Fig. 3: (a) Impact of defect densities on 2.5D system cost normalized to the single-chip system costs at the same defect densities. (b) Impact of chiplet counts, interposer sizes, and power densities on peak temperature of 2.5D systems with uniform spacing between chiplets.

Fig. 3(a) shows the manufacturing cost of the 2.5D systems with various (square-shaped) interposer sizes normalized to an equivalent 18mm×18mm single-chip system for a range of defect densities [10]. The 2.5D system with a minimal interposer size has a cost saving ranging from 30% to 42%, compared to the cost of the single-chip system at the same defect density. The cost saving is higher for a larger defect density at which a single chip costs more due to its lower yield. Generally speaking, the 2.5D system cost increases as the interposer size increases.

## C. Thermal Behavior of 2.5D Systems

To understand the thermal behavior of a 2.5D system, we divide an  $18mm \times 18mm$  single chip into  $r \times r$  identical chiplets (r varies from 2 to 10), place the chiplets onto an interposer in a matrix fashion with **uniform** spacing between adjacent chiplets, and leave 1mm guard band along each interposer edge. We vary the interposer edge length from 20mm to 50mm in steps of 1mm and calculate the corresponding spacing between chiplets. For a given interposer size, as the chiplet count increases, the spacing between the chiplets decreases. We assign synthetic power densities from  $0.5W/mm^2$  to  $2.0W/mm^2$  to the chiplets and perform thermal simulations (using HotSpot [28]) to get a better understanding of the thermal trends in 2.5D systems.

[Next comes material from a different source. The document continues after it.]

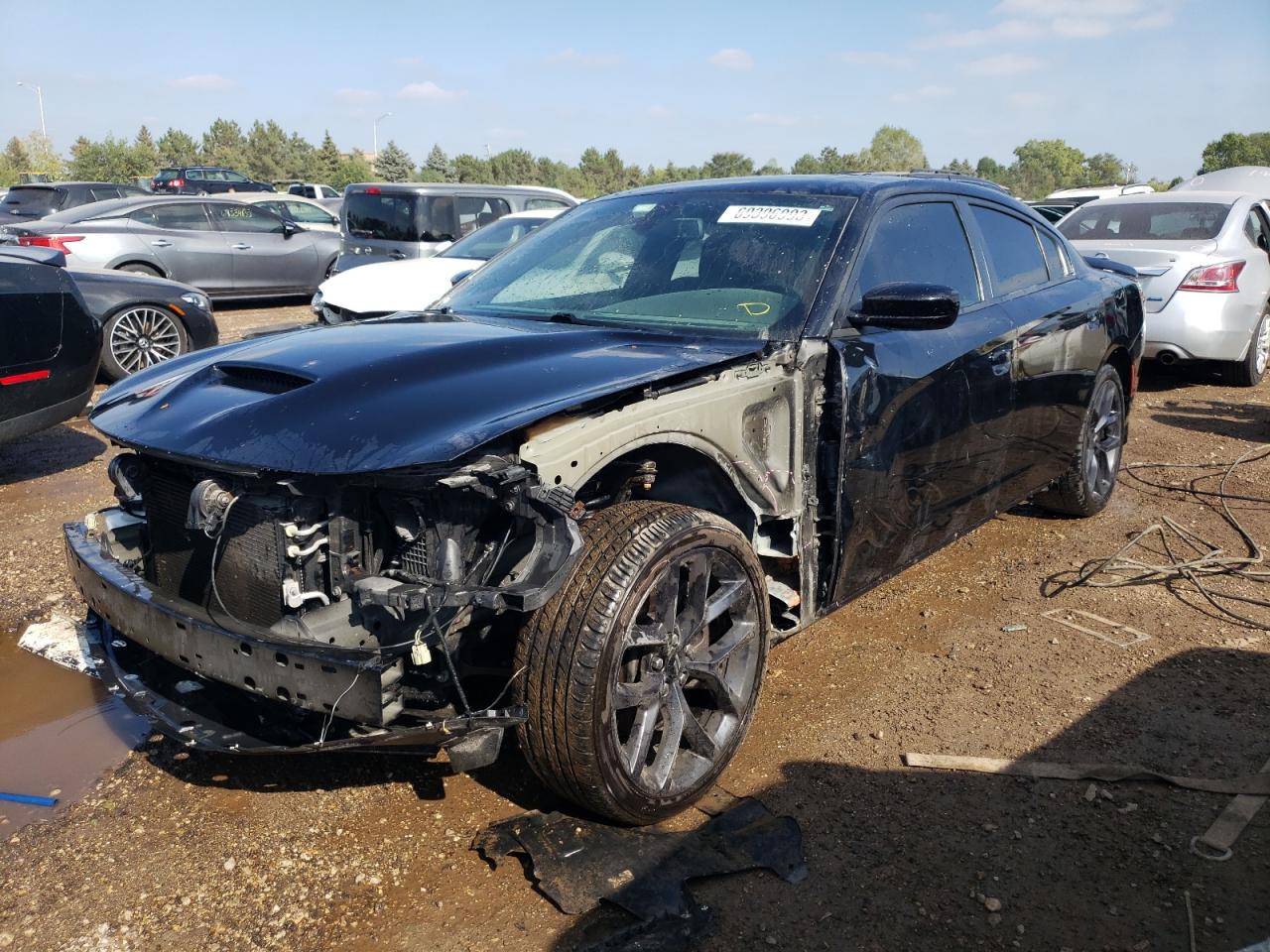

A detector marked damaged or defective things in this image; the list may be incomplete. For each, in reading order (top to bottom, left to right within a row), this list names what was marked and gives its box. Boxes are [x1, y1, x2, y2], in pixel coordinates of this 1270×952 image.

crumpled hood [319, 257, 477, 313]
crumpled hood [93, 314, 762, 474]
detached bumper cover [66, 525, 523, 756]
damaged front end [66, 451, 581, 772]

Fig. 3(b) shows the impact of chiplet counts, interposer sizes, and power densities on peak temperature of 2.5D systems. In

general, for the same chiplet count and interposer size, the peak temperature increases with power density. For the same chiplet count and power density, as the interposer size increases, the peak temperature decreases due to the increased spacing between chiplets. For the same interposer size and power density, the peak temperature decreases with increasing chiplet count. It should be noted that in our 2.5D multi-chiplet system, the chiplets have high power density and the regions between chiplets do not dissipate power. Inserting spacing between chiplets helps with heat dissipation, but heat will still aggregate and form hotspots in the regions of high power density. Thus, we need to place the chiplets in a thermally-aware fashion.

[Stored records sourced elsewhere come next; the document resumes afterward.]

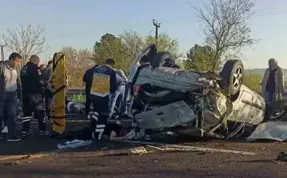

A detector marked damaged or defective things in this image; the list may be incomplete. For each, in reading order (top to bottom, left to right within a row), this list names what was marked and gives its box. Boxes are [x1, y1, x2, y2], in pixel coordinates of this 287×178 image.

wrecked car body [124, 44, 272, 139]
overturned car [123, 44, 282, 139]
second damaged vehicle [124, 44, 286, 139]
crumpled car hood [248, 121, 287, 141]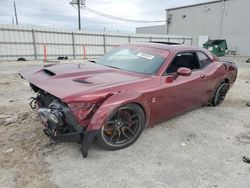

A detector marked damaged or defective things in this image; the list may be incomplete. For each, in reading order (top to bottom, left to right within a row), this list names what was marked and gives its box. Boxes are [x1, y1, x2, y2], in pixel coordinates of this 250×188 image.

damaged front bumper [30, 95, 97, 159]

Although a single chip with the same power profile and the same area as our 2.5D system would achieve a similar thermal profile, the single-chip solution is not the best choice from a cost perspective. For example, based on Eqs. (1)-(4) and parameters in Table II, increasing the single chip size from  $20mm \times 20mm$  to  $40mm \times 40mm$  results in 27× higher cost because of drastically lower yield. Alternatively, an equivalent 2.5D system with four smaller chiplets and a  $40mm \times 40mm$  passive silicon interposer has 27% lower cost (where the interposer cost is 30% of the 2.5D system) than a  $20mm \times 20mm$  single chip.

From the cost perspective, as chiplet count increases in a 2.5D system, the time for the serial bonding process increases and the overall bonding yield drops, which increases the cost. Due to the limited thermal advantages of increasing chiplet count beyond  $4 \times 4$  and the bonding yield consideration, in the rest of this work, we only consider 2.5D systems with 4 and 16 chiplets.

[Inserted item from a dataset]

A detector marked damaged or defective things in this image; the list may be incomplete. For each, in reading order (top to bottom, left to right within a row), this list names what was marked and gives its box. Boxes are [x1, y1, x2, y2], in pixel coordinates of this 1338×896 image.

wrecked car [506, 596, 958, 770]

## D. Optimization of Chiplet Organization

To determine the optimal thermally-aware chiplet organization (including chiplet count, chiplet placement, active core count, and operating frequency), we formulate an objective function that maximizes system performance while minimizing system cost (see Eq. (5)). In Eq. (5), 2.5D system performance (in terms of instructions per second (IPS)) and cost are normalized to the baseline single-chip system, and the user-specified weight factors  $\alpha$  and  $\beta$  have no units. The objective function is subject to a variety of constraints listed in Eqs. (6) to (10).

$$\begin{array}{ll} \textit{Minimize}: & \alpha \times \frac{IPS_{2D}}{IPS_{2.5D}(f,p)} + \beta \times \frac{C_{2.5D}(n,s_1,s_2,s_3)}{C_{2D}} \\ \textit{Fo}: & T_{peak}(f,p,n,s_1,s_2,s_3) <= T_{threshold} \end{array} \tag{5}$$

Subject to: 
$$T_{peak}(f, p, n, s_1, s_2, s_3) \le T_{threshold}$$
 (6)

$$w_{int} <= 50, \quad h_{int} <= 50$$
 (7)

$$w_c = \frac{w_{2D}}{h_c}, h_c = \frac{h_{2D}}{h_c} \tag{8}$$

$$w_{c} = \frac{w_{2D}}{r}, h_{c} = \frac{h_{2D}}{r}$$

$$w_{int} = w_{c} \times r + 2 \times s_{1} + s_{3} + 2 \times l_{g}, h_{int} = h_{c} \times r + 2 \times s_{1} + s_{3} + 2 \times l_{g}$$
(9)

$$2 \times s_1 + s_3 - 2 \times s_2 > 0 \tag{10}$$

Eq. (6) is the peak temperature constraint for a valid chiplet organization. Eq. (7) limits the interposer size to be no larger than  $50mm \times 50mm$ . This is within the exposure field size of 2X JetStep Wafer Stepper [29], which avoids extra stitching cost. We consider all chiplet organizations on an interposer that are axially and diagonally symmetric and we use Mintemp [20] workload allocation policy for our analysis, which minimizes operating temperature by assigning threads starting from outer rows or columns and then moving to inner rows or columns of the whole system in a chessboard manner. Eq. (8) calculates the chiplet width and height. Eq. (9) calculates the interposer width and height as a function of chiplet spacings  $(s_1, s_2, and s_3)$  in Fig. 4(a), which vary **independently**). Eq. (10) ensures there is no overlap between center chiplets. The 2.5D system cost is calculated using Eqs. (1) to (4).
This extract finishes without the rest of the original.